Alla riscoperta di uno spazio un tempo votato a un colpevole abbandono e adesso finalmente e adeguatamente valorizzato, dal blog di Giuseppe Ruggeri

 

Gli spazi gestibili della città aumentano sempre più, e questo non può che essere un dato confortante in termini di qualità della vita a Messina. La presenza di una più che fervida attività ricreativo-commerciale nei locali del Mercato Coperto “Muricello”, che affaccia su Largo Gaetano La Corte Cailler, testimonia l’interesse della cittadinanza nei confronti delle novità, specie se il servizio include anche la somministrazione di qualche raffinatezza gastronomica.

Mostre, presentazioni di libri, serate musicali e tanto altro costituiscono il pacchetto d’offerte di uno spazio un tempo votato a un colpevole abbandono e adesso finalmente e adeguatamente valorizzato. Grazie all’intervento dell’amministrazione comunale, opera da mesi al Mercato Coperto “Muricello” una cooperativa che assicura un servizio di ristorazione variegato e per tutti i gusti, con prodotti rigorosamente a chilometro zero.

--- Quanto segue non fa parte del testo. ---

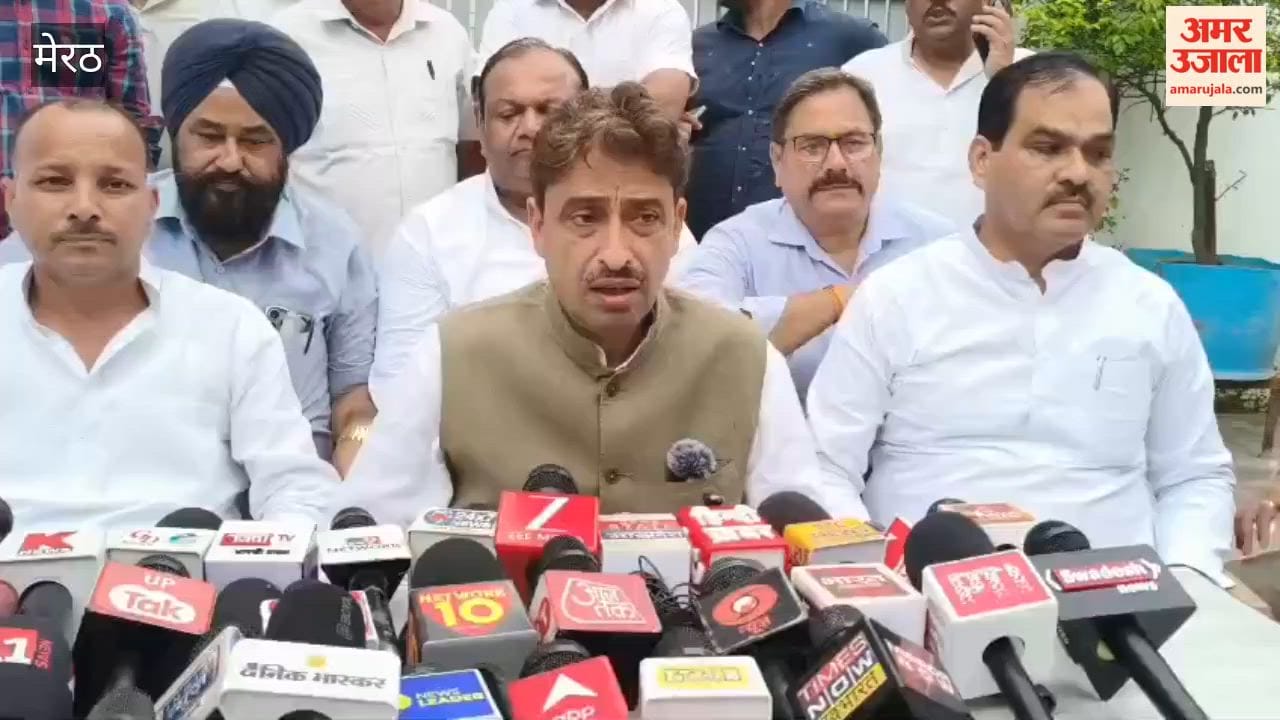 Saharanpur: MP Imran Masood says demolishing the mosque is unconstitutional; asserts they will not let the atmosphere be vitiated and will fight a legal battle.
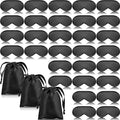 Xtinmee 30 Pieces Silk Sleep Mask Silk Eye Mask by Xtinmee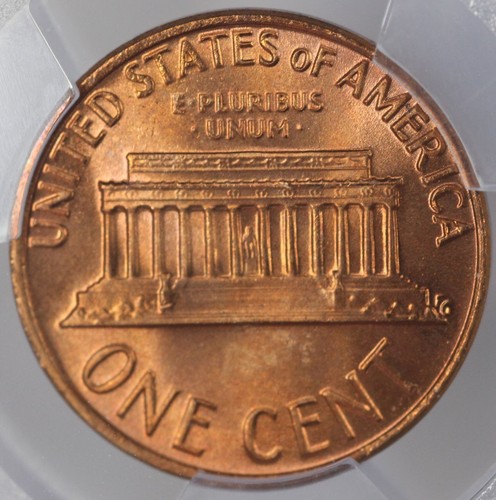 1976 PCGS MS67RD Lincoln Cent 5086398 - Picture 2 of 3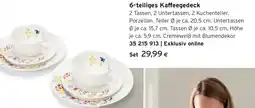 Tchibo Eduscho Teiliges kaffeegedeck Angebot
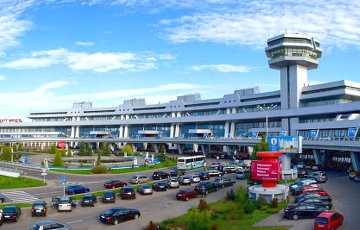 Минский аэропорт не принимает самолеты
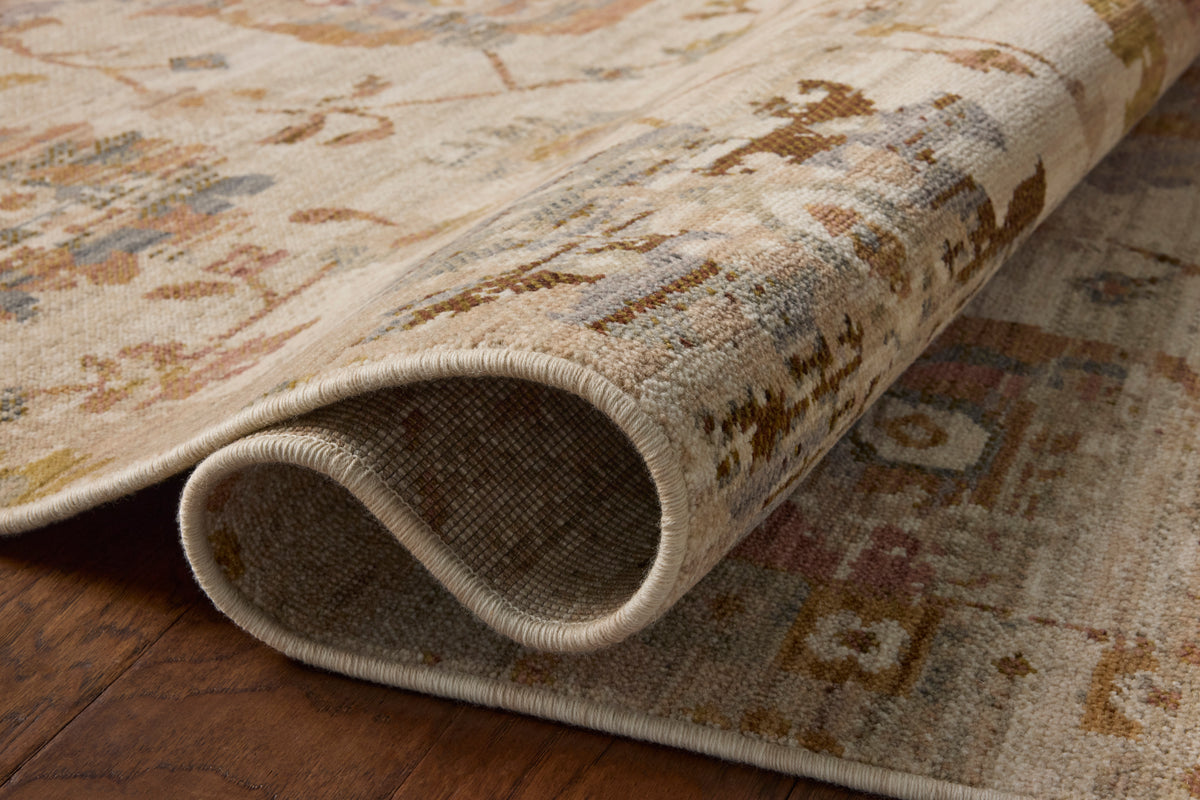 Reign Ivory/Multi Rug – detail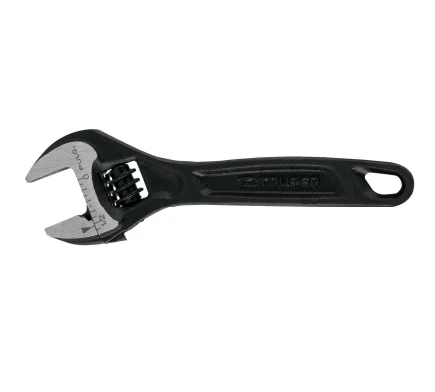LLAVE AJUSTABLE (PERICO) 4" PROFESIONAL PAVONADA, EXPERT My Store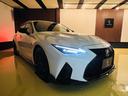 IS500 Fスポーツパフォーマンス 2025model OPマークレビンソン トムスマフラー トムスカーボンフルエアロ トムスカーボントランクスポイラー OPサンルーフ OPオレンジキャリパー OP TRDミラー 新車保証(73枚目)
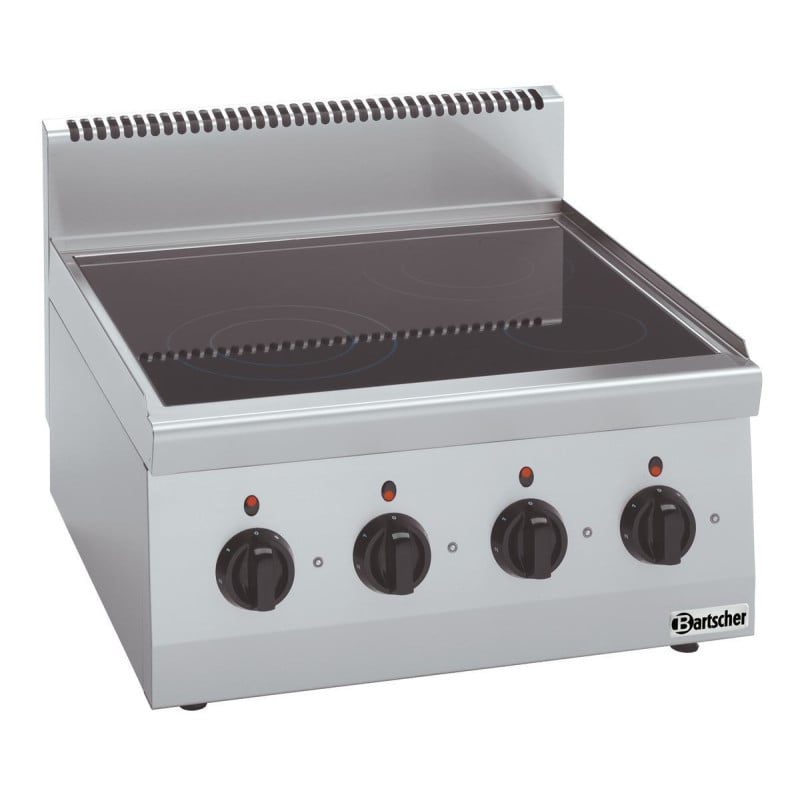Horno Eléctrico de Sobremesa 4 Fuegos Vitrocerámica - Serie 600 Horno Eléctrico de Sobremesa 4 Fuegos Vitrocerámica - Serie 600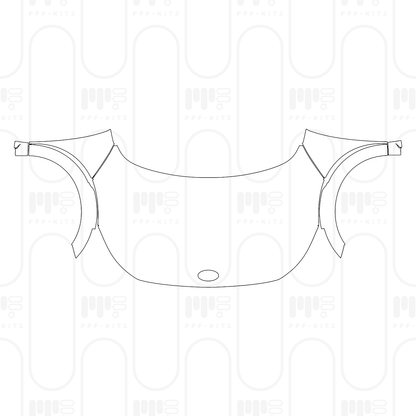 Voorgesneden PPF Hyundai IONIQ 5 N 2025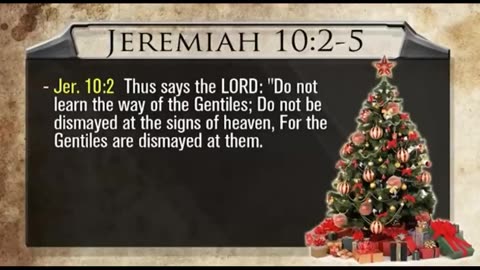 The Evil pagan Roots of Christmas and Easter pt2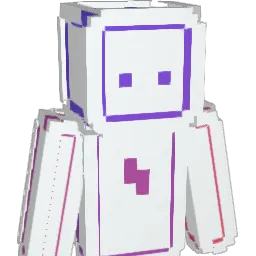 enjoyQuaia Minecraft avatar bust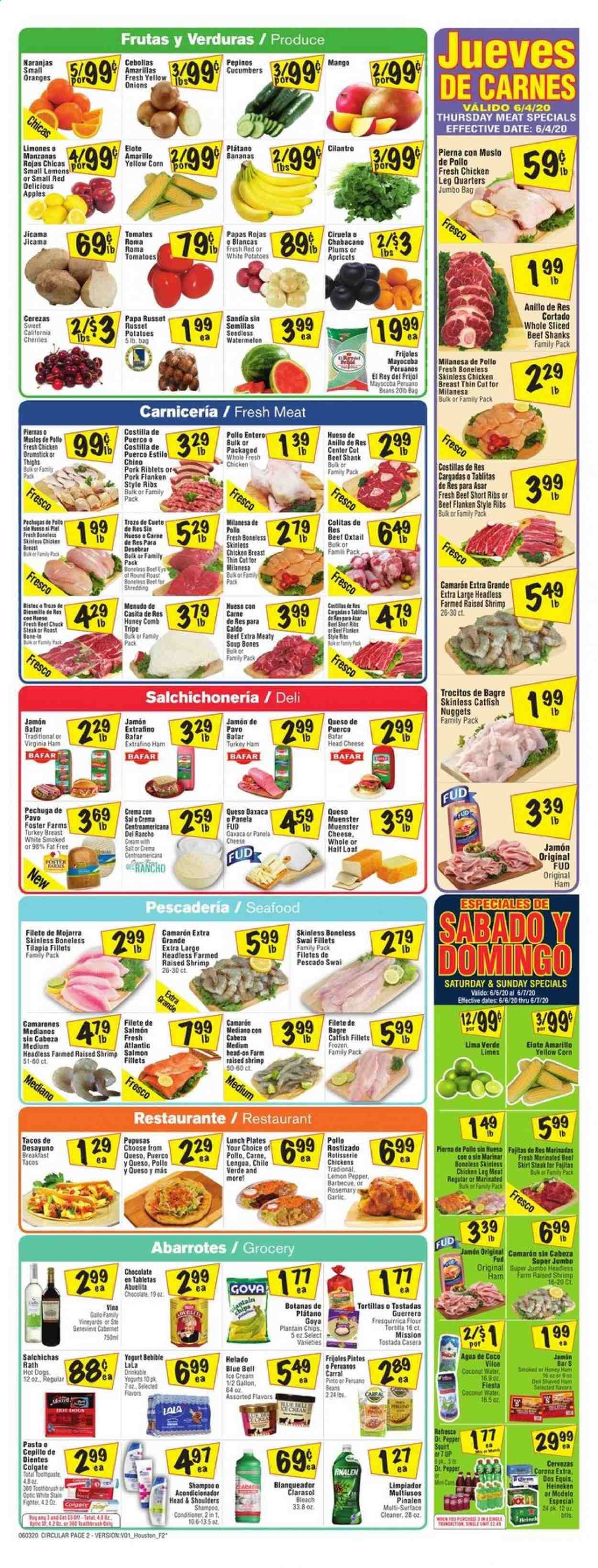 Fiesta Mart Weekly Ad & Flyer June 3 to 9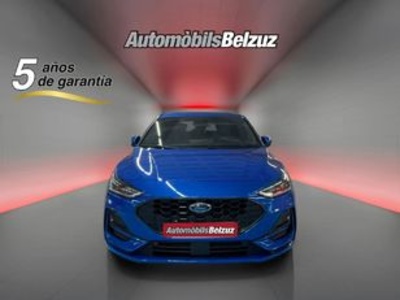 Ford Focus 1.0 Ecoboost MHEV ST-Line 92 kW (125 CV) Ford Focus 1.0 Ecoboost MHEV ST-Line 92 kW (125 CV)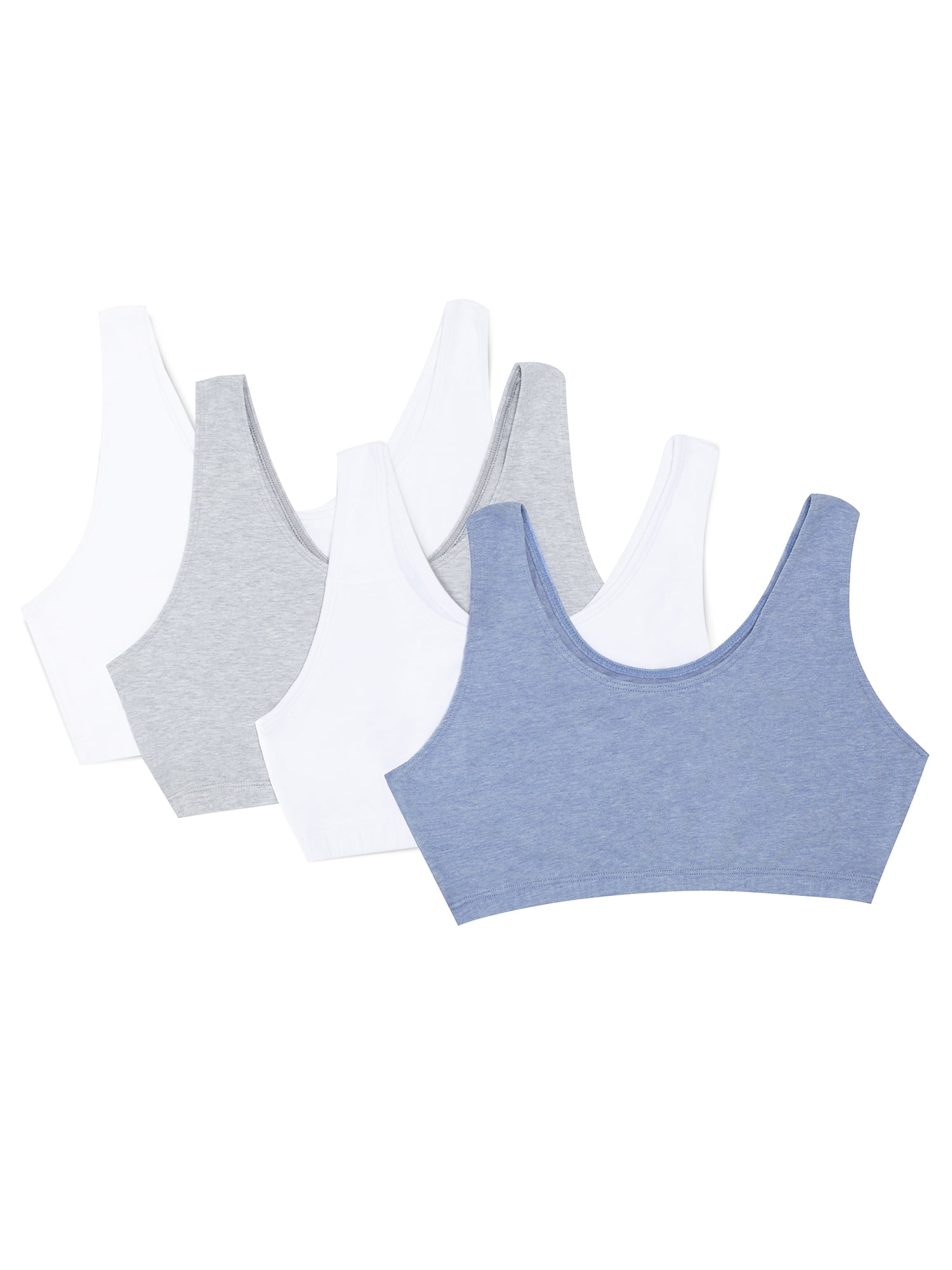 Fruit of the Loom Women’s Pull Over Cotton Athletic Tank Style Sports ...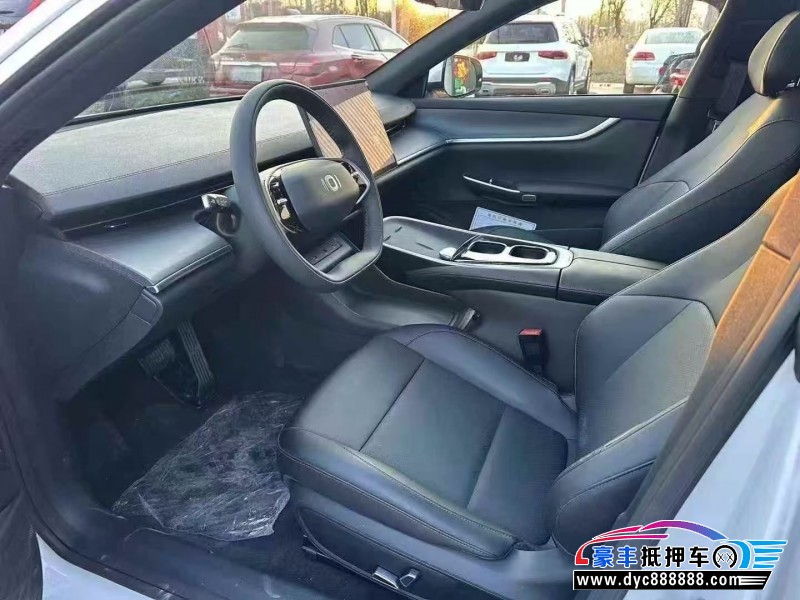 25年长安启源A07轿车抵押车出售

Aperto dalla mattina alla sera, lo spazio è meta di frequentazione assidua, un’autentica ‘agorà’ dove è possibile incontrarsi e dialogare in un’atmosfera lieve e rilassante. Il contesto complessivo, di suo, è suggestivo, includendo tra l’altro lo storico cortile delle Case Cicala, valido pezzo di memoria cittadina.

Dopo il recupero della Galleria Vittorio Emanuele a Piazza Antonello – incidente del pianoforte a parte, naturalmente – bisogna dire che un punto di merito va pur assegnato alla locale amministrazione. L’evidenza che, incrementando le occasioni d’interscambio sociale e culturale, la città cresce e si migliora dovrebbe esser costantemente tenuta presente dalle istituzioni competenti. Molto c’è ancora da fare, senza dubbio. Importante, però, è aver cominciato a farlo.